# Chinese Chestnut flowers



## Cadence (Mar 31, 2014)




----------



## GaryG74 (Apr 9, 2014)

Nice photos. I have 25-30 hybrid Chestnut trees (American/Japanese, Am/Korean, Am/Ch/European, etc.) that the bees work really hard every year.


----------



## D Coates (Jan 6, 2006)

I'd never seen them so thanks for posting. I just planted 10 chestnuts for food plots and I'm planning on another 10 this fall with the idea that I'd continue this for another 6-8 years ending up with 150 or so scattered in clusters across the 350 acres. I've also put 5 hives out there this year though I don't anticipate them having anything to work (that I planted) for 4-5 years.


----------



## Cadence (Mar 31, 2014)

Chestnut trees are great for the wildlife as our game cameras show, and it adds to the bees food source. 
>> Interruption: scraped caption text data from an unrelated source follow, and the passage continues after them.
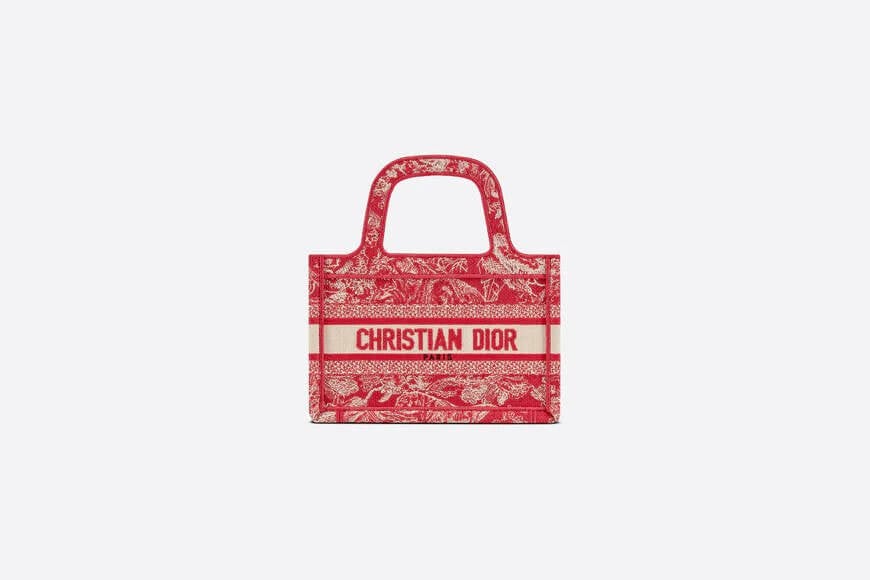 Mini Dior Book Tote Fuchsia Toile de Jouy Reverse Embroidery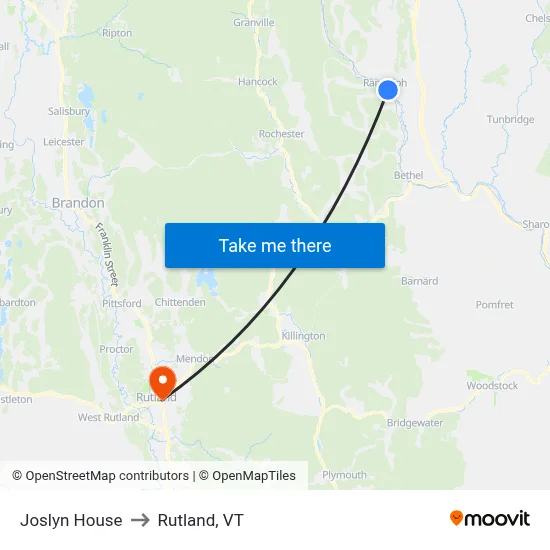Joslyn House to Rutland, VT map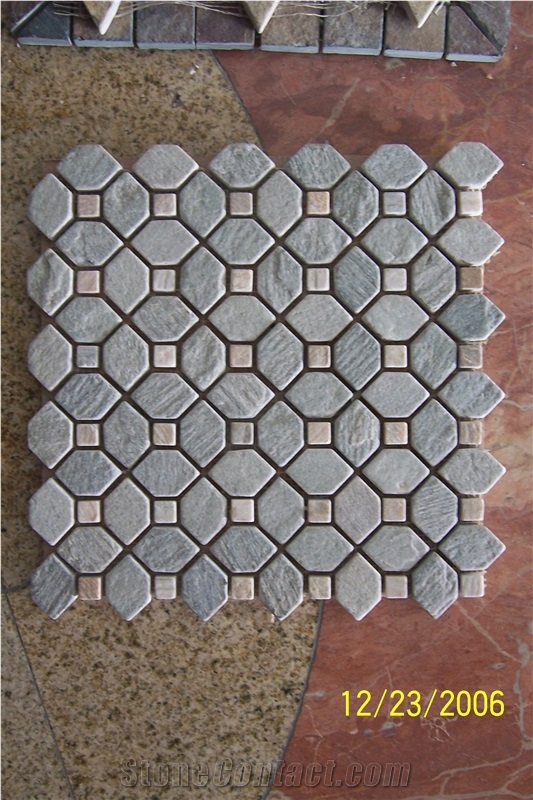 Floor Mosaic,Slate Mosaic,China Multicolor Slate Mosaic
It's nice to see others are planting a variety of trees, since we have a heavy pine monoculture in Alabama. Pines are a crop and most look at getting the most money off the land as they can. You just don't see hardwoods or a healthy variety of other species being planted back for nature to use and survive with.


----------



## GaryG74 (Apr 9, 2014)

With the exception of the variety "Sleeping Giant" (starts around 8-10 years), most of mine start bearing at 3 to 5 years and increase production every year unless we have a drought, then the nuts are usually smaller. The oldest are around 20 years old and the deer and squirrels have a field day when the nuts start dropping. Makes it hard to get any for myself.


----------



## biggraham610 (Jun 26, 2013)

I have several hundred "Sweetheart" the bees love them just as much as the deer and turkeys. Wet spring has postponed a lot of our blossoms, but It may work out lengthening our usually brief heavy flow. G


----------



## D Coates (Jan 6, 2006)

We're in mostly heavy timber here. The majority of trees being varieties of red oaks. I'll be out there this weekend to review how the saplings are doing as well as reviewing the bees. I spent almost as much on the guards, ground cover, and stakes as I did for all the saplings themselves. I also put out apples, crab apples and pears so in the long run the wildlife has a pretty steady food supply all year round. Ironically, all of the trees in question require bees to effectively pollinate.


----------